--- TASK TO COMPLETE ---
Make an exact copy of the entries, taking out every picture.
--- PROVIDED ENTRIES ---
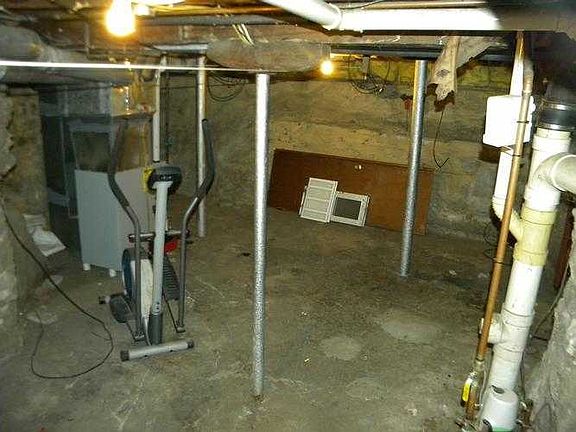 basement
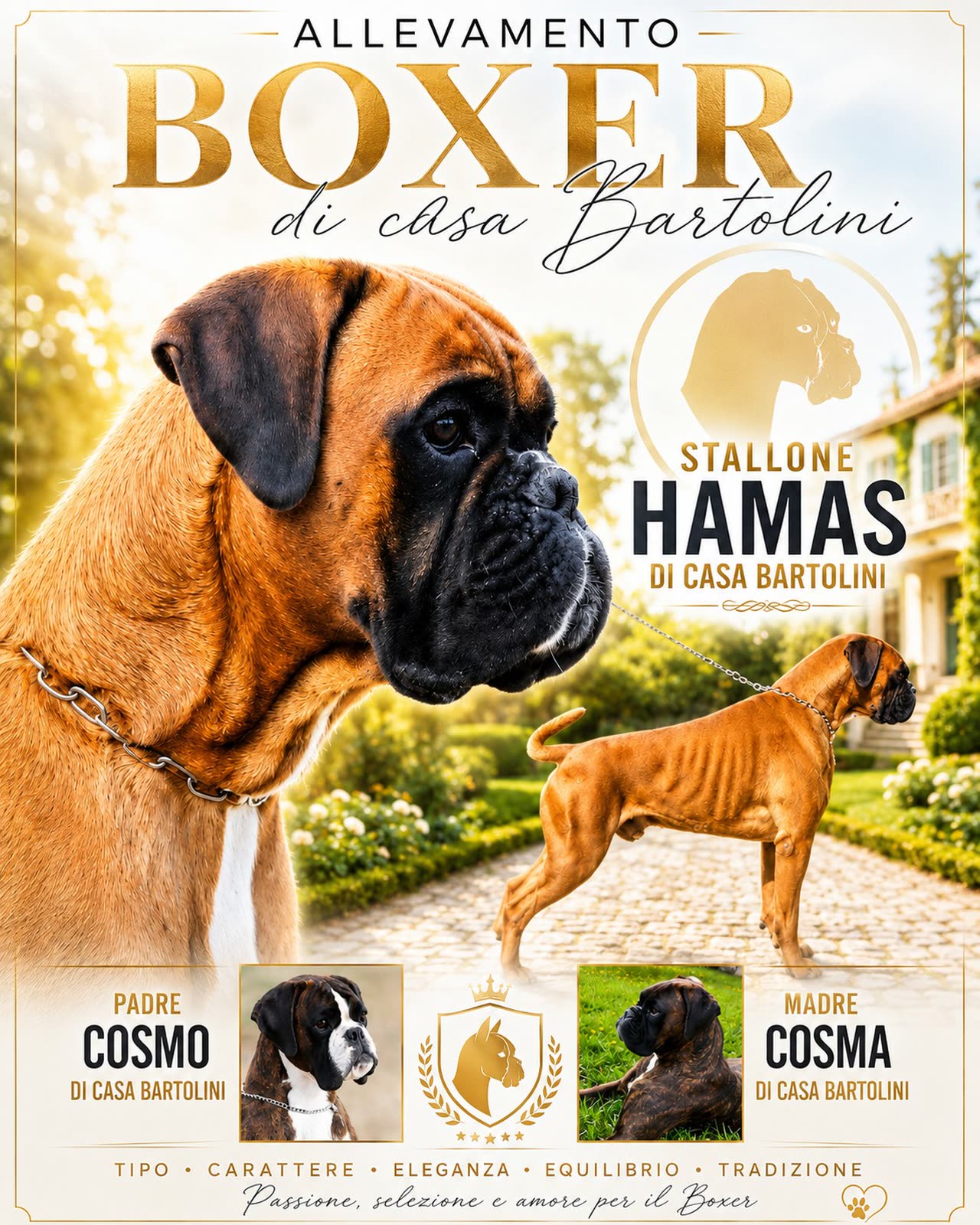 Casa Bartolini poster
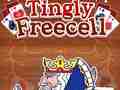 Παιχνίδι Tingly Freecell
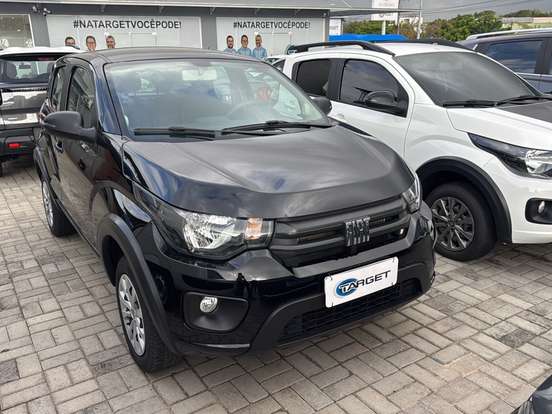 FIAT-MOBI-1.0 EVO FLEX LIKE. MANUAL FIAT-MOBI-2025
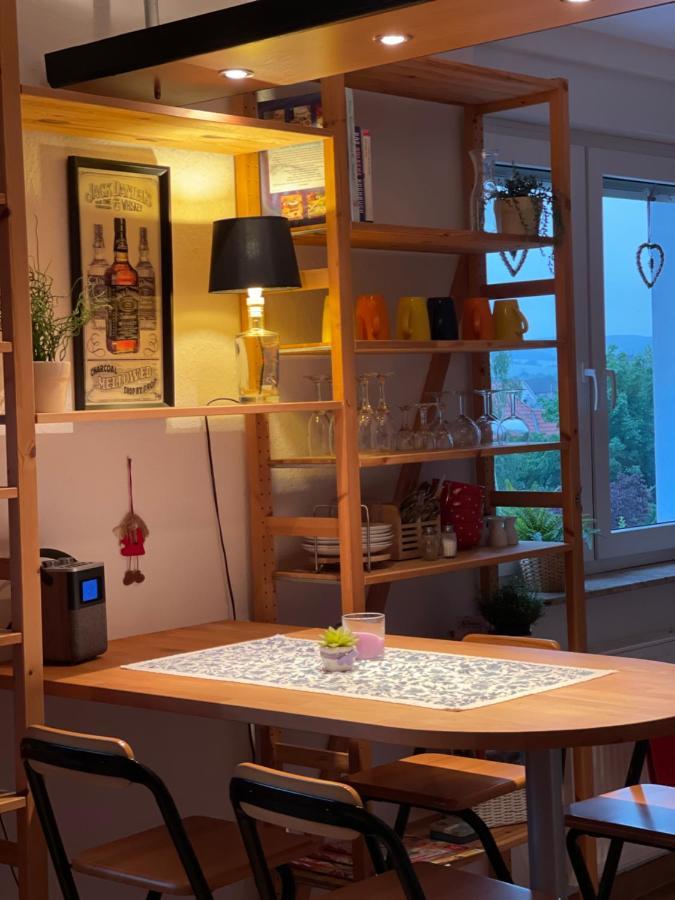 Ferienwohnung Geidel In Der Altstadt Nordhausen Exterior photo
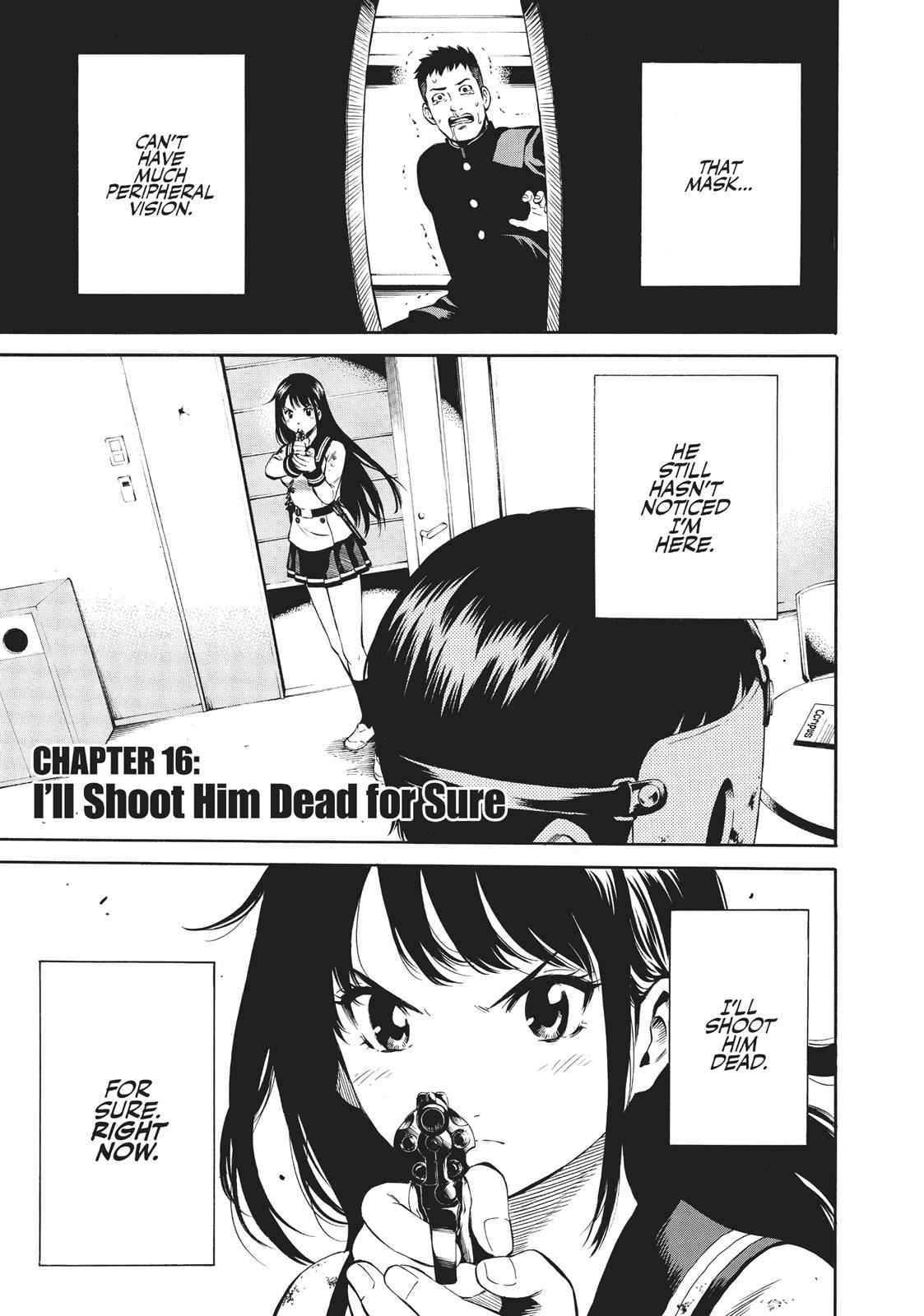 Tenkuu Shinpan Chap 16 - Next Chap 17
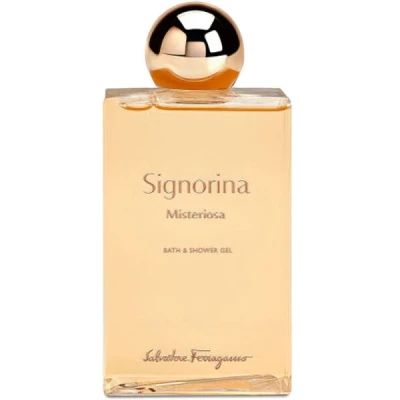 Abbildung von Salvatore Ferragamo Signorina Misteriosa Showergel 200 ml
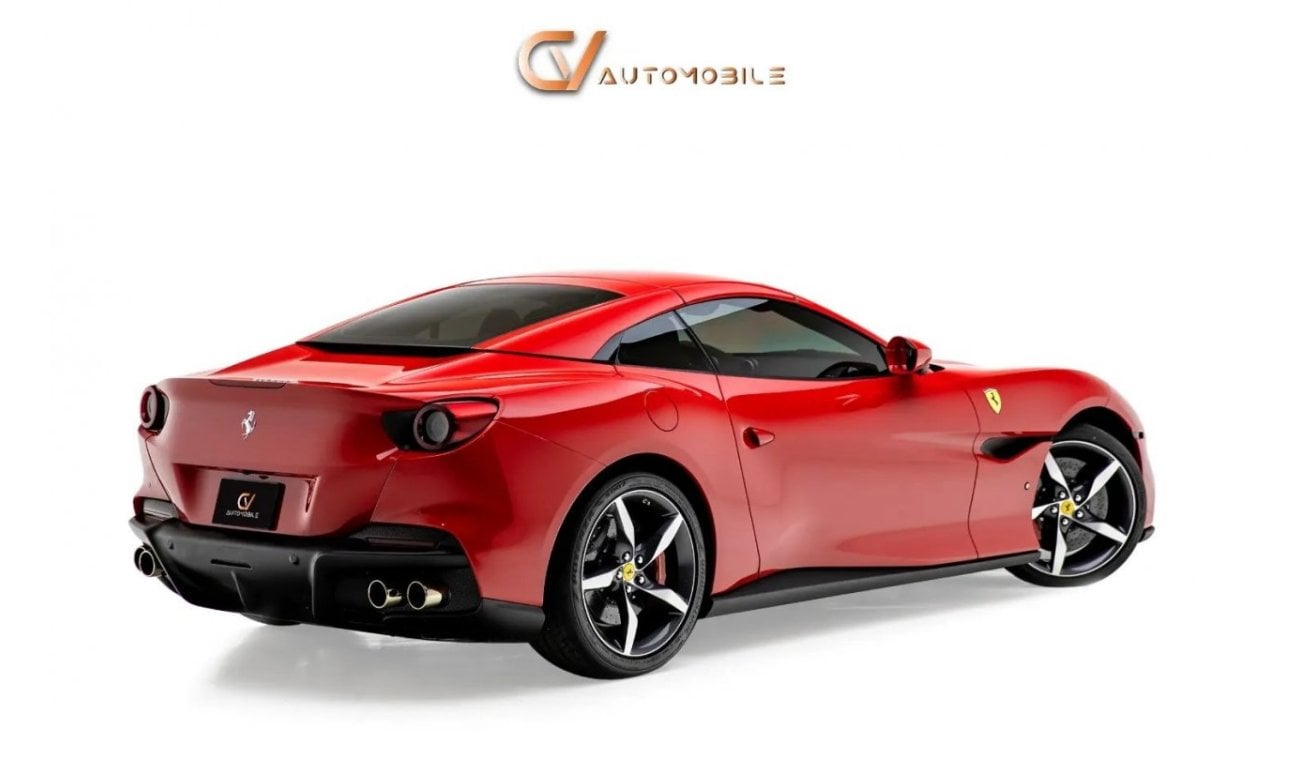 Ferrari Portofino M - GCC Spec - With Warranty and Service Contract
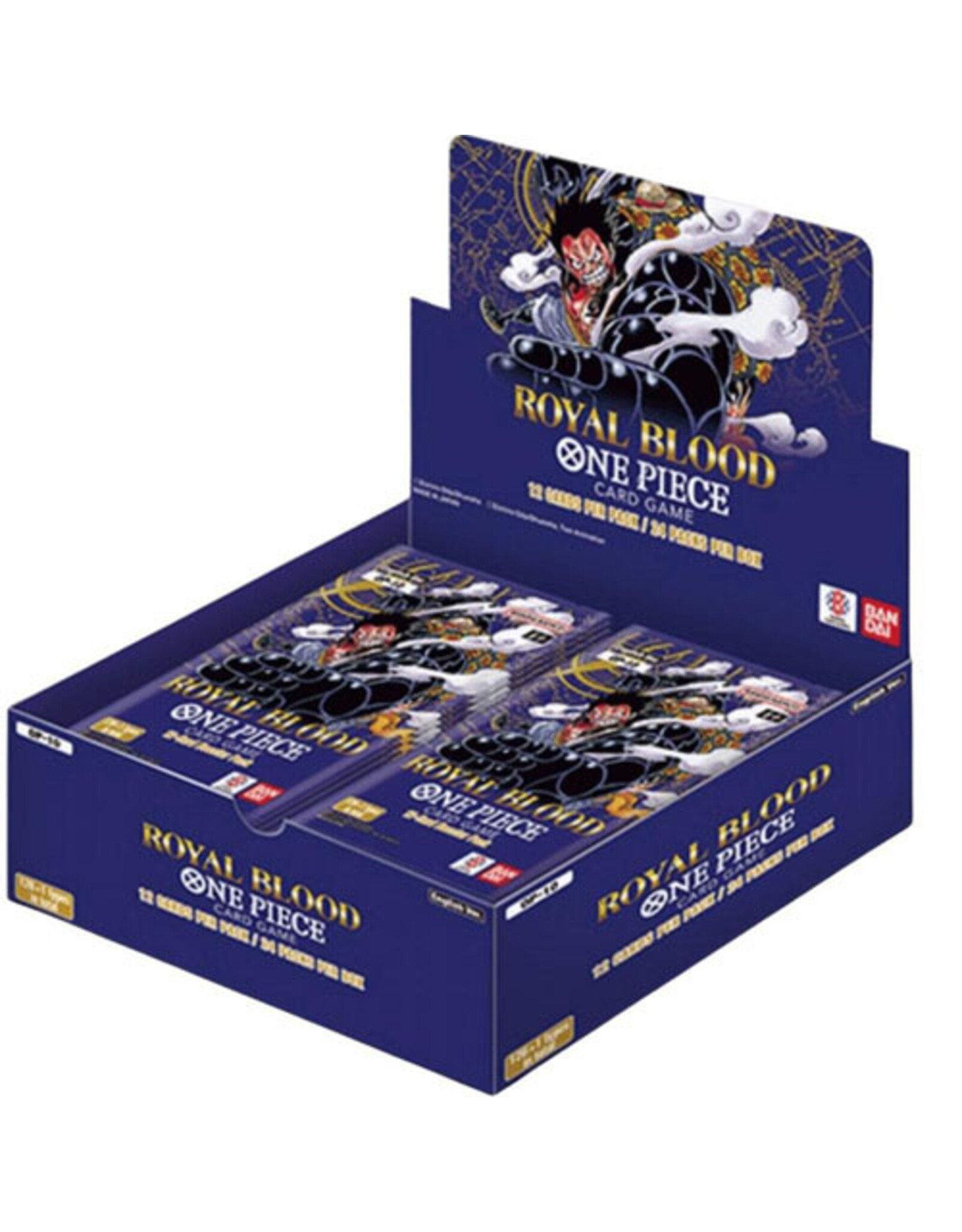 One Piece TCG One Piece OP-10 Royal Bloodlines Booster Box (24CT)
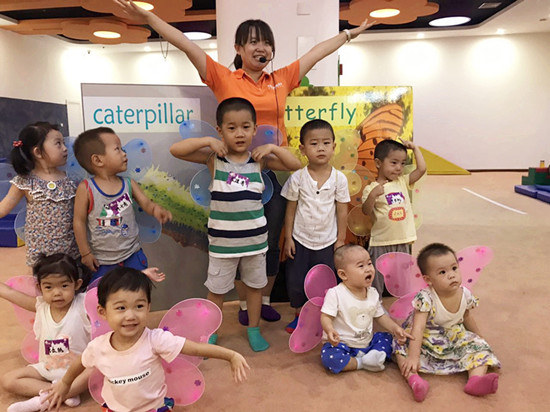 8月繪本之旅活動回顧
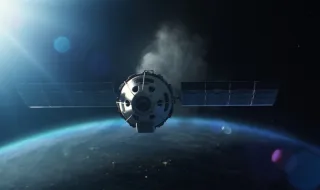 Crew-13 постави рекорд: Dragon стигна до МКС за 7 часа и 55 минути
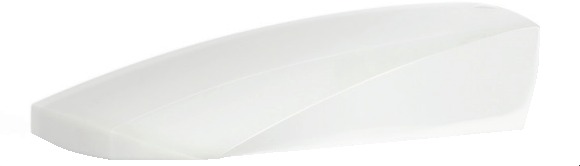 SHAD Kryty kufru for SH23 bílá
---
--- RESULT FOR THIS TASK ---
 basement
 Casa Bartolini poster
 Παιχνίδι Tingly Freecell
 FIAT-MOBI-1.0 EVO FLEX LIKE. MANUAL FIAT-MOBI-2025
 Ferienwohnung Geidel In Der Altstadt Nordhausen Exterior photo
 Tenkuu Shinpan Chap 16 - Next Chap 17
 Abbildung von Salvatore Ferragamo Signorina Misteriosa Showergel 200 ml
 Ferrari Portofino M - GCC Spec - With Warranty and Service Contract
 One Piece TCG One Piece OP-10 Royal Bloodlines Booster Box (24CT)
 8月繪本之旅活動回顧
 Crew-13 постави рекорд: Dragon стигна до МКС за 7 часа и 55 минути
 SHAD Kryty kufru for SH23 bílá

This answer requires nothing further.